Although it happened 75 years ago, Ms Watts, who is now known as Cherry and lives in Murwillumbah in northern NSW, remembers as if it was yesterday.

"I started seeing all these people with burns coming into the hospital. I thought it was the end of the world," she said.

She remembers leaving the hospital with her mother and sister and seeing the devastation from the bomb.

"All the buildings were smashed to the ground with dead bodies underneath and a massive fire was burning throughout the city.

"We could smell the burning of flesh for days. It was horrible."

Before World War II, Ms Watts had lived a happy childhood; her parents were wealthy and had provided a stable environment for their children.

But that came to an abrupt end.

Kure, Japan's largest naval base and arsenal at the time, was constantly attacked by American bombers, with the family taking refuge in the side of a mountain where caves had been built.

"It was scary being in the cave at night because it was so dark. I would constantly pray to God to stop the war," Ms Watts said.

The mountain caves where Ms Watts and her family would hide during US bomb attacks.(Supplied)

When the war did end, it brought the arrival of occupation forces into cities like Hiroshima and Nagasaki — there was animosity in the ranks of allied soldiers and fear among the local population.

"My mother sent my sister and I away from Kure for fear that we would be raped by the soldiers, but we were allowed to return home when things calmed down," Ms Watts said.
Fraternising was discouraged

Despite the widespread ill feeling towards the occupiers, the young Takako would meet and fall in love with Australian soldier William Watts who was stationed at Kure.

"Bill was very good looking and cheeky and I married him against my parents' wishes," she said.

Ms Watts said they had to marry three times due to international law.

They first obtained permission to marry in 1949 at Kamiyama jinja, they married again in 1952, and then at the British consulate in 1953.

Takako and her husband had two children when they returned to Australia.(Supplied: Margaret Watts)

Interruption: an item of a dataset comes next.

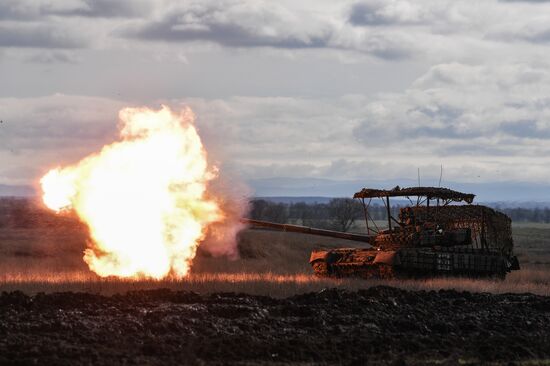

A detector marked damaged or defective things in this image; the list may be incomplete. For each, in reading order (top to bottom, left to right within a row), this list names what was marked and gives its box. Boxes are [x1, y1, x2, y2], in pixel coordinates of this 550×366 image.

rusty tank hull [245, 186, 520, 280]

Mr Watts returned to Australia, and Cherry followed with 12 other war brides and their children on the long sea journey to Sydney in late 1953.

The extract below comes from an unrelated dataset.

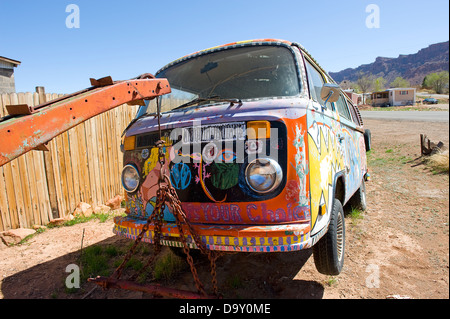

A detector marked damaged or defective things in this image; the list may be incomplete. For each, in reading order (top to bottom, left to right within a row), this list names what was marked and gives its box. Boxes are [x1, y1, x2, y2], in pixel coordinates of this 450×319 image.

rusty chain [108, 91, 222, 298]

She was travelling with their two-year-old son, Joji, and new baby, Margaret.

"Australians found it difficult to pronounce our Japanese names, so many war brides were called Cherry after Japan's famous cherry blossom trees," she said.
Aussie humour for dinner

The family lived in Murwillumbah with Ms Watts's mother-in-law, Florence, who taught her how to cook local food — with a bit of Aussie humour thrown in.

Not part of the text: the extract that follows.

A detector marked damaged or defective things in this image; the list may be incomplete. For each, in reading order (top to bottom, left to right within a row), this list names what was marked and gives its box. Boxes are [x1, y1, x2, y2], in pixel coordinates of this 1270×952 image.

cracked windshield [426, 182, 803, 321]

"Florence was cooking rissoles one evening, and I asked her what they were; she said they were R-soles.

"So the next night I was cooking Bill's dinner, and he asks me what we were having, and I said, 'Arseholes'.

"Well, you should have seen the look on his face!"

No racial tension in small country town

Despite the anti-Japanese sentiment after the war, Ms Watts said she never experienced racism, with many locals becoming life-long friends.

Keiko Tamura, a researcher of Japanese war brides and lecturer at the Australian National University, said Japanese women were treated much better in regional towns than those who lived in the cities.

"They became known as someone's wife or sister-in-law instead of the enemy and country towns grew protective of them," Dr Tamura said.

Ms Watts's family in Japan did not speak to her until she returned for a visit in 1975.

Takako and Margaret live next to each other and love catching up for tea and sushi.(ABC News: Donna Harper)

Bill and Cherry had seven children and ran a banana plantation.

Mr Watts died from emphysema in 1995. He would have turned 100 last November, and Cherry and her eldest daughter celebrated his birthday in a unique way.

"We visited the cemetery where he's buried and poured beer over his headstone and wished him a happy birthday," Margaret Watts said.

Cherry and Margaret had hoped to travel to Japan this year to visit family on the 75th anniversary of the Hiroshima bombing but had to cancel due to the COVID-19 pandemic.